Survivors and Their Stories: Sexual Assault on Campus
The Sexual Assault Prevention and Awareness Center, or SAPAC, was created after an anti-rape sit-in in 1985. Three years later, SAPAC opened their 24-Hour Crisis Line and twenty years after that they initiated a nationally renowned program called "Striving for Justice: A Toolkit for Judicial Resolution Officers on College Campuses."
Since its inception, SAPAC has been fighting against myths about rape and educating students and faculty on the prevalence of acquaintance rape, the fact that rape is never the survivor’s fault, the resources are available to survivors, and how to be a support system for a friend that has experienced the trauma of sexual assault. U-M was one of the first universities in the country to provide information to incoming freshmen during summer orientation about acquaintance rape and safety.
However, the office has received varying levels of support and respect across the campus over the years and their upward battle has been a long and grueling one. U-M had the first two sexual assault cases ever in which the assailant sued his female victim for defamation of character in a civil suit before there was a verdict in his criminal case.

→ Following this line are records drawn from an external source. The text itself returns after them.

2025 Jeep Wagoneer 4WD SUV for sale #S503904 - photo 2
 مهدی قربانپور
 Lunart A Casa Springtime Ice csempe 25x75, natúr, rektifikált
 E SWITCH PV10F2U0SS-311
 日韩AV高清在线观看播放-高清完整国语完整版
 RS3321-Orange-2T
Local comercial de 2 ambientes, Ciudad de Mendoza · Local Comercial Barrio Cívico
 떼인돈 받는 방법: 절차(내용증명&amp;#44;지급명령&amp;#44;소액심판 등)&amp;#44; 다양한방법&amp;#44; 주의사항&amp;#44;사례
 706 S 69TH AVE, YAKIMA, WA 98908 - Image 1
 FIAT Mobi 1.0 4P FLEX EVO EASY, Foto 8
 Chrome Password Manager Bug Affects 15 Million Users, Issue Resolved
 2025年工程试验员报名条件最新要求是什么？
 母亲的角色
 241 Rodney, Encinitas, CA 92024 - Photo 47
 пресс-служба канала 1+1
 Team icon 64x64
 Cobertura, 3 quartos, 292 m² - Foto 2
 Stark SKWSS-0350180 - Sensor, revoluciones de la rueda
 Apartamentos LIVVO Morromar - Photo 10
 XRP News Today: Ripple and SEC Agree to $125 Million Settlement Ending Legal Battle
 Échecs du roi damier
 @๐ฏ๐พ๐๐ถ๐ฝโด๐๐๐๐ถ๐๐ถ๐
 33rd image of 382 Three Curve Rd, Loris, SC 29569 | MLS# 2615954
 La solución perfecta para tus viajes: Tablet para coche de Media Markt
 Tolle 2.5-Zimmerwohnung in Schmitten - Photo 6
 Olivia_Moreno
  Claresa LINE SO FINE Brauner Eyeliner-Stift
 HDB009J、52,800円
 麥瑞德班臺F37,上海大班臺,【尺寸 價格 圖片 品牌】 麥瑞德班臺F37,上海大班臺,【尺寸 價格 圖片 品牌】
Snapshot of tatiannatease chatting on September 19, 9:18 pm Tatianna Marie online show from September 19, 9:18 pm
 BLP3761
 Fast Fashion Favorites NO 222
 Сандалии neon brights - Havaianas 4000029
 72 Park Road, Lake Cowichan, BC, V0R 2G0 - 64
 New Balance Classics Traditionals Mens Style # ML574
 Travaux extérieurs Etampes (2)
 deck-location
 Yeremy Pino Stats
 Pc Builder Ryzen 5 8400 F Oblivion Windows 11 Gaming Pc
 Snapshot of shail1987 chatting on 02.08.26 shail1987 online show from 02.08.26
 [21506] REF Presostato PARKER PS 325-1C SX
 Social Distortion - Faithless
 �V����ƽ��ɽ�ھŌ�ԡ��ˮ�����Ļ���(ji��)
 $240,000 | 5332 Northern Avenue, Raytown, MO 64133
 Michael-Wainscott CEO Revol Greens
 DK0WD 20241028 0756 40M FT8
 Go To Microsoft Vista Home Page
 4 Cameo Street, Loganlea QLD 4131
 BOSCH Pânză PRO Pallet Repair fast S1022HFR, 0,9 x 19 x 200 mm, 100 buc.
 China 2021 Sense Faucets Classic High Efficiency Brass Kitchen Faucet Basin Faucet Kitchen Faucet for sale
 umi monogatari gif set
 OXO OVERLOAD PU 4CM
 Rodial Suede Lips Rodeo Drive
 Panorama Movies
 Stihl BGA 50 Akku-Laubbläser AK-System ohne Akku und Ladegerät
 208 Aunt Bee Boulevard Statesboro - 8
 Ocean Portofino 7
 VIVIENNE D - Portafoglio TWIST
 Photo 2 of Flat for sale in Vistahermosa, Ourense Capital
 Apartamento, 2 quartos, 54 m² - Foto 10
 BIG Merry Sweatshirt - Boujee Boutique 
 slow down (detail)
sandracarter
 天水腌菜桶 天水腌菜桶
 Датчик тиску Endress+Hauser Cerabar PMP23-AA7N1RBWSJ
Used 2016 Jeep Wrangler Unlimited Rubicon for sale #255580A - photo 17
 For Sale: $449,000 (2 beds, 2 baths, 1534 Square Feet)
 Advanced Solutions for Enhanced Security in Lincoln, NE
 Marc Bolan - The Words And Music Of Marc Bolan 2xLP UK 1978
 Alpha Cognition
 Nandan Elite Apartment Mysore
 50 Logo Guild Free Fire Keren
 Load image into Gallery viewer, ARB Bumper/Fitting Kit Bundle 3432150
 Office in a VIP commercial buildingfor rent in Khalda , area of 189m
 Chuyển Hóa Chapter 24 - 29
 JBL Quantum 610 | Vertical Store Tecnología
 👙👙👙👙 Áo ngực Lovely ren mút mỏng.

Student athlete responses to the SAPAC Workshop Evaluation of 1999 revealed that many male athletes didn’t fully comprehend how consent to sexual activity is given — or, more gravely, not given. Responses across several different teams indicated that men felt they were being treated unfairly — that in peer education workshops given by SAPAC and similar organizations men were always portrayed as the “bad guy,” that women needed to learn how to “defend themselves,” and that women weren’t held responsible for their own actions. Several athletes on certain teams felt that they were being punished for the actions of the football team — the men of which had by far the most negative responses.
"U-M Sexual Assault Prevention and Awareness Center," U-M Sexual Assault Prevention and Awareness Center Records, 1985-2009, Bentley Historical Library, University of Michigan.